Selain itu, kata dia, perumus masih menggunakan istilah “melanggar kesusilaan.” Unsur “melanggar kesusilaan” didefinisikan sebagai “perbuatan mempertunjukkan ketelanjangan, alat kelamin, dan aktivitas seksual yang bertentangan dengan nilai-nilai yang hidup dalam masyarakat di tempat dan waktu perbuatan tersebut dilakukan.” Ia menilai, konten yang dimaksud harusnya dibatasi ke pornografi agar tidak membuka perdebatan perbuatan apa saja yang dikategorikan sebagai kesusilaan.
Kemudian, Pasal 27 ayat 3 tentang penghinaan individu juga disoroti ICJR. Mereka mengakui rumusan Pasal 27A UU ITE yang baru mengatur kembali perbuatan menyerang kehormatan sesuai Pasal 27 ayat 3 UU ITE. Rumusan pasal memang dicocokkan dengan Pasal 433 KUHP 2023. Ia menekankan komunikasi privat atau tertutup tidak dapat lagi dijerat pidana.

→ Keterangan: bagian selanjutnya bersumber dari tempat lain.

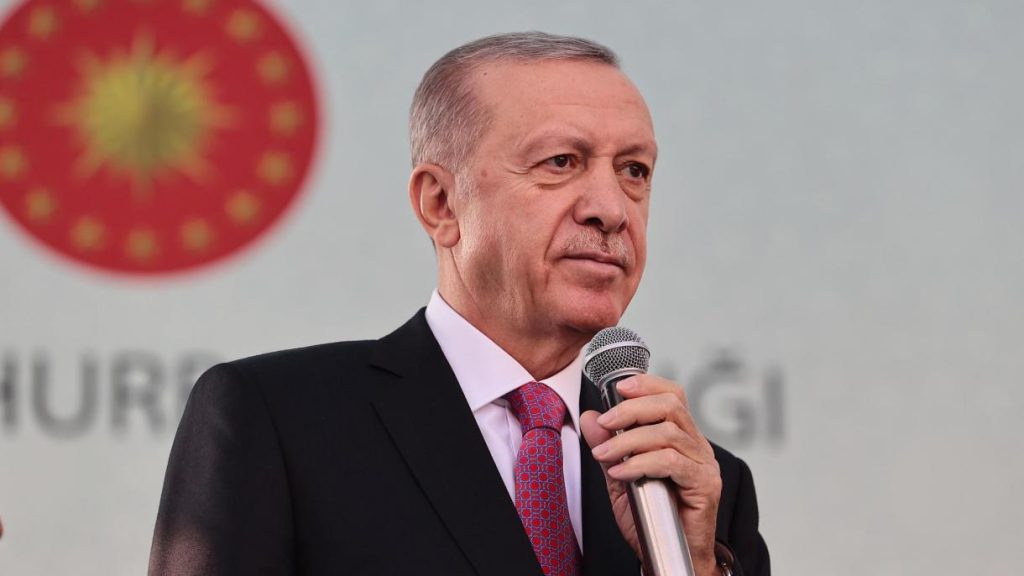 Στο Μπαλί για την G20 ο Ρ.Τ.Ερντογάν την επομένη της επίθεσης στην Κωνσταντινούπολη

Hal yang perlu diperhatikan adalah Pasal 27 ayat 3 berkaitan juga dengan Pasal 45 ayat (4) sampai dengan (7) yang mengatur pemidanaan tidak hanya untuk pencemaran nama baik, tapi juga untuk fitnah, sehingga UU ITE hanya diterapkan untuk delik pencemaran dan fitnah.

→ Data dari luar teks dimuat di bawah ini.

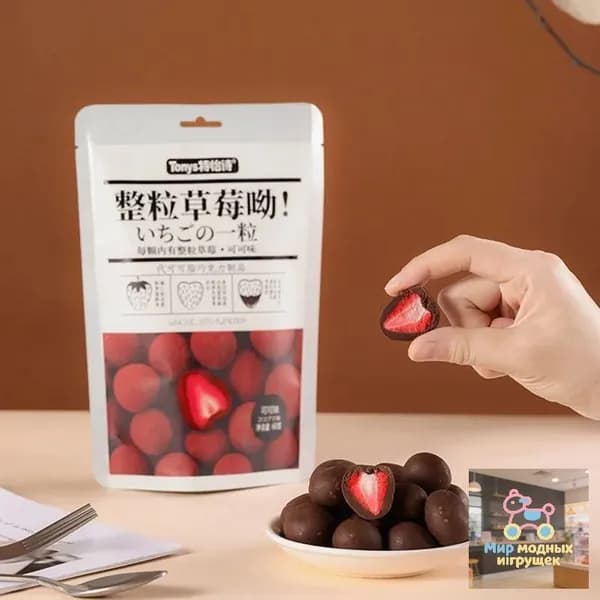 Замороженная смесь из цельных ягод клубники с начинкой из шоколада, молока и зеленого чая, в упаковке 60 г.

Pasal 45 ayat (7) juga mengatur mengenai alasan pembenar, yaitu terpaksa membela diri dan untuk kepentingan umum. Terdapat juga pengurangan ancaman pidana yaitu dari 4 tahun di UU ITE 2016 menjadi 2 tahun untuk delik pencemaran, sedangkan fitnah tetap di ancaman 4 tahun.

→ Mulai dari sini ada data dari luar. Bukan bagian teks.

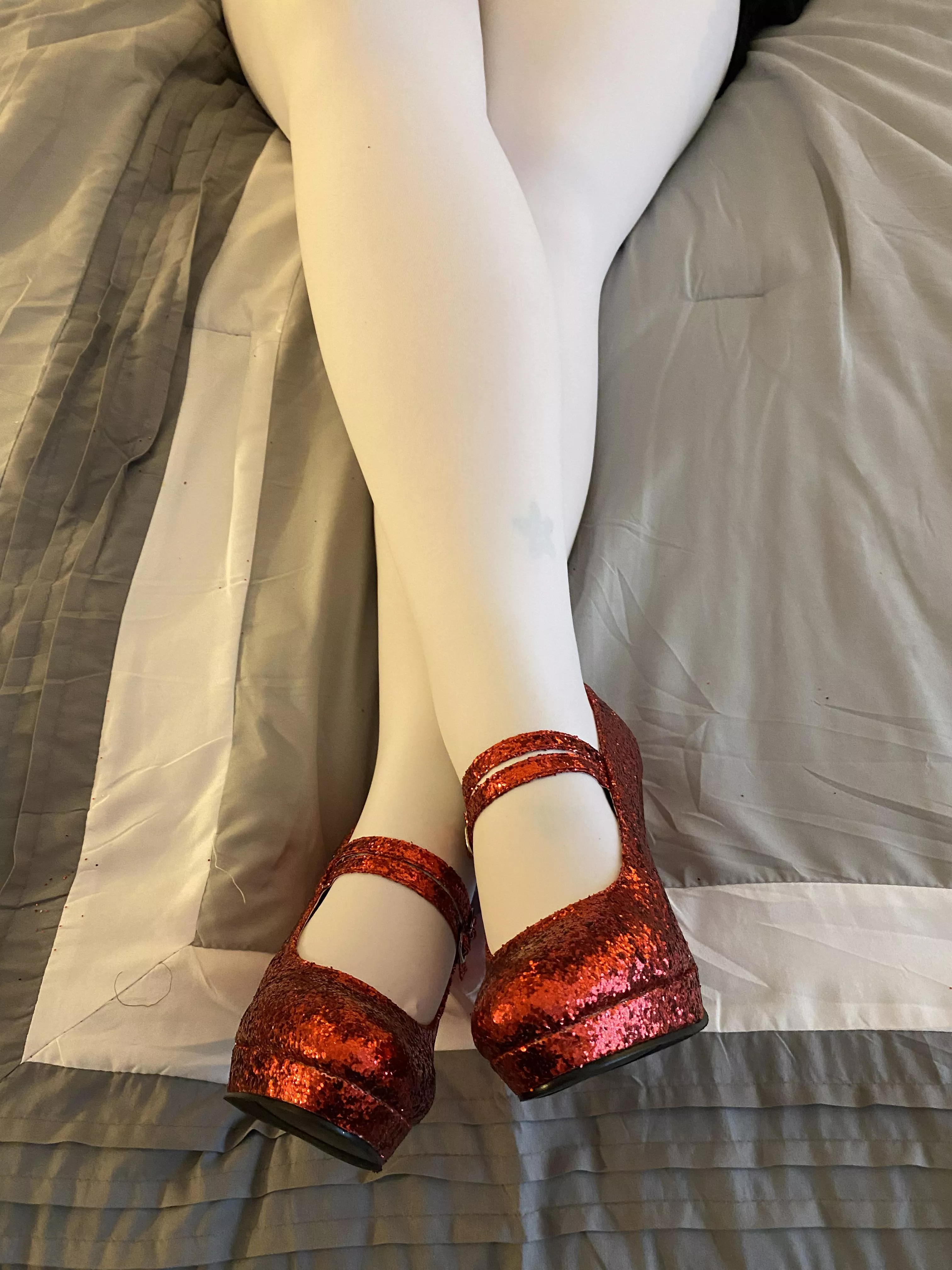 White tights and Ruby Heels 👠 posted by tightstoesheelshose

Kemudian, Pasal 28 ayat 2 UU ITE terkait ujaran kebencian juga menjadi sorotan. ICJR menilai pasal tersebut seharusnya mengacu pada Pasal 20 ayat (2) ICCPR dengan pembatasan-pembatasan yang telah dirumuskan dalam Prinsip Camden maupun Rabat Plan Action.
ICJR menilai substansi yang ada saat ini masih perlu penegasan bahwa konten yang disebarkan harus bersifat menghasut, mengajak, atau memengaruhi orang lain dengan tujuan menimbulkan rasa kebencian atau permusuhan berdasarkan ras, kebangsaan, etnis, warna kulit, agama, kepercayaan, jenis kelamin, disabilitas mental, atau disabilitas fisik. ICJR tidak ingin ada proses hukum atas dasar golongan yang tidak jelas seperti profesi, pejabat, tokoh politik, dan sejenisnya.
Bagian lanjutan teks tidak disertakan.